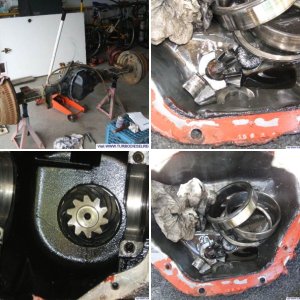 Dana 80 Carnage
...
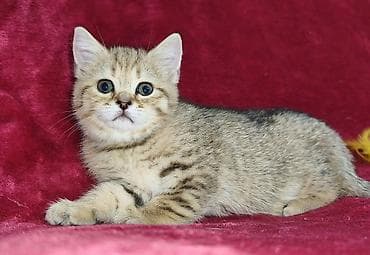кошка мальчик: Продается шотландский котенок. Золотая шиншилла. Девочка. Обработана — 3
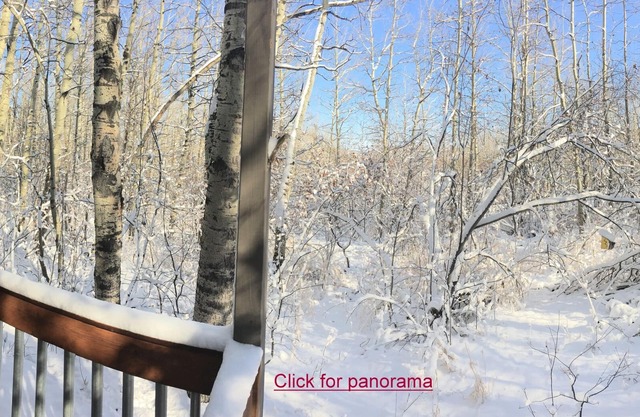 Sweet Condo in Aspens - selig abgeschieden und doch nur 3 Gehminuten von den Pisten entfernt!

## TASK STATEMENT
Your copy should hold only the lines above from the one containing "кошка мальчик: Продается" through the one containing "Sweet Condo in", exactly as written and free of pictures.

## RESPONSE TO THIS EXERCISE
кошка мальчик: Продается шотландский котенок. Золотая шиншилла. Девочка. Обработана — 3
 Sweet Condo in Aspens - selig abgeschieden und doch nur 3 Gehminuten von den Pisten entfernt!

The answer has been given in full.